L'administration Biden a poursuivi sa capitulation honteuse face à Israël en négociant un accord pour éviter un vote du Conseil de sécurité de l'ONU sur une résolution condamnant les colonies israéliennes illégales en Cisjordanie occupée. Si cette résolution (dont le vote était prévu le 20 février) avait été soumise au Conseil, les États-Unis se seraient trouvés dans la position délicate de devoir y opposer leur veto afin d'éviter de provoquer la colère d'Israël.

Alors que le président Barack Obama quittait ses fonctions, son administration (dans un geste sans précédent) s'est abstenue lors d'une résolution similaire. En empêchant un vote du Conseil de sécurité sur les colonies illégales d'Israël, Biden n'a pas réussi à démontrer ne serait-ce que le minimum de raison dont a fait preuve l'administration Obama-Biden.

Après qu'Israël a annoncé qu'il légalisait neuf avant-postes illégaux de colons en Cisjordanie occupée et qu'il avait approuvé la construction de 10 000 nouvelles maisons dans les colonies actuelles, l'Autorité palestinienne (AP) a soutenu une résolution du Conseil de sécurité dénonçant les colonies. Les résolutions adoptées par le Conseil de sécurité sont considérées comme contraignantes en vertu de la Charte des Nations Unies.

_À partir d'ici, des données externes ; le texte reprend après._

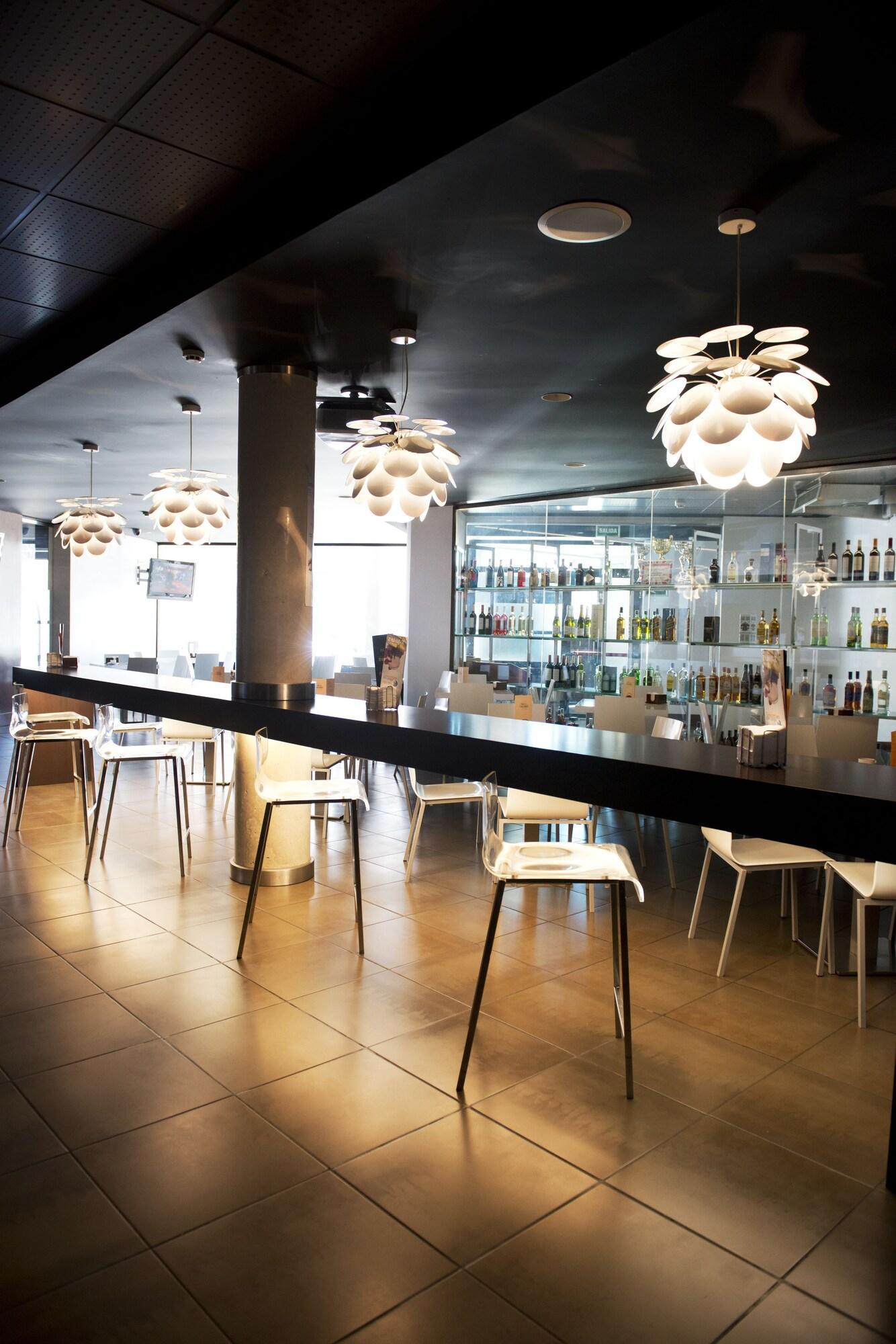 Bar/Salón Hotel Tach Madrid Airport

Mais l'administration Biden a convaincu l'AP de renoncer à soutenir la résolution en échange d'une « déclaration présidentielle » du Conseil de sécurité critiquant les colonies israéliennes. Israël a accepté temporairement suspendre ses actions unilatérales en Cisjordanie occupée pendant plusieurs mois, suspendre les démolitions de maisons palestiniennes et les expulsions pendant une période prolongée. quelques moiset diminuer les raids militaires israéliens sur les villes palestiniennes. Israël a également accepté d'augmenter les recettes fiscales palestiniennes de plus de 60 millions de dollars par an. L'Autorité palestinienne a accepté de reprendre la coordination de sécurité avec Israël, que l'Autorité palestinienne avait suspendue après le raid israélien du mois dernier sur le camp de réfugiés de Jénine, qui a tué neuf Palestiniens.

L'Autorité palestinienne administre la Cisjordanie occupée. La décision de l'AP de retirer la résolution « va à l'encontre de la lutte nationale palestinienne », a déclaré Mustafa Barghouti, secrétaire général de l'Initiative nationale palestinienne. Al Jazeera.

« Nous rejetons l'assimilation entre deux camps – l'un qui est agresseur et occupant, et l'autre qui vit sous occupation et apartheid », a déclaré Barghouti. « Certains disent que nous devons nous concentrer sur la résistance diplomatique et politique, alors pourquoi la décision a-t-elle été retirée ? Même la résistance diplomatique est interdite ? Même une résistance basée sur le droit international ?

Pendant ce temps, l'administration Biden continue de soutenir sans réserve l'occupation illégale des terres palestiniennes par Israël à hauteur de 3,8 milliards de dollars d'aide militaire annuelle.